The definition revolves around marketing guidelines for separate EU countries. That’s because there is no legislation imposing a strict definition of the term natural in EU additive regulations Annie-Laure Robin, Leatherhead Food Research international regulatory manager, explained to FoodNavigator.

Instead, Member States tend to take their cue on such issues from EU flavouring legislation, which contains definitions of natural and artificial flavours, she said.

From a plant source

“You can’t strictly say steviol glycosides are natural, because they are extracted from stevia,”
 said Robin. “People all over Europe are saying you can’t say the additive is natural, but you can say it’s from a plant source. Manufacturers are adopting that now as a way forward.”

EU food industry trade group FoodDrinkEurope has issued guidance for food and drink processors advising them to use the term ‘from a natural source’. FoodNavigator understands that a total of nine different versions of the phrase are under discussion.

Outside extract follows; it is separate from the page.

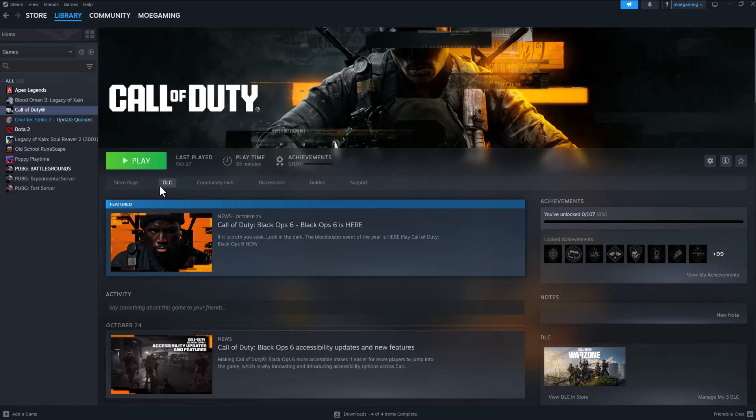What's up everyone, this is Mo Gaming and today I'm going to show you how to fix the Call of Duty Black Ops 6 error code 0xFFFFFFFE. I think I said it right, but you'll see it in the title. Obviously the game has crashed, so there's a few quick ways to fix this.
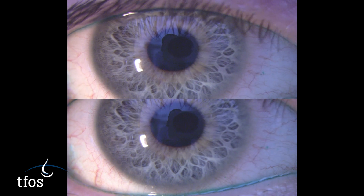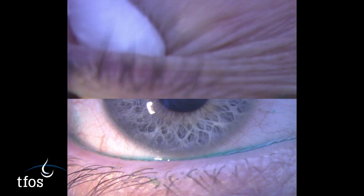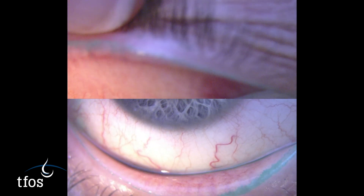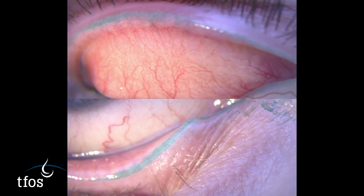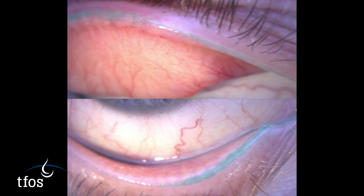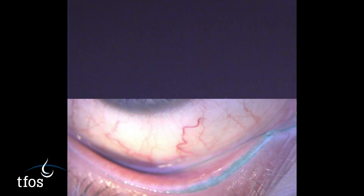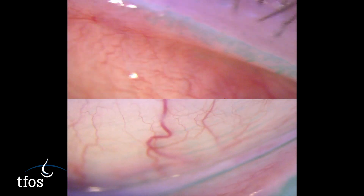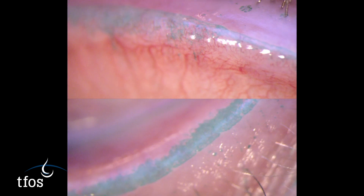The lid should subsequently be averted to reveal any damage to the lid margins, which will have been stained with the fluorescein and lissamine green already instilled in the eye. A positive diagnostic result is a lid wiper epitheliopathy score of greater than or equal to two millimetres in length and/or greater than or equal to 25% of the sagittal width, excluding Marx's line. A validated grading scale can be used to monitor changes in the staining severity over time.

“We have received quite a few enquiries related to stevia’s ‘natural’ claim," 
said Robin. "There is nothing in the guidance to say if stevia is natural or not. The term ‘natural’ is not really addressed fully for the industry in Europe. It is seen more as a marketing tool than as an issue for additive regulations."

Guidance reasonable

However, she said FoodDrinkEurope had clearly communicated its guidance and the industry viewed it as reasonable. As a result most food and drink manufacturers would be likely to adopt it or some version of it when marketing products containing stevia.

Aside from definitions of natural, concerns also persist over the liquorice-like aftertaste of stevia, with many processors using a blend of stevia with other sweeteners such as sugar to offset this.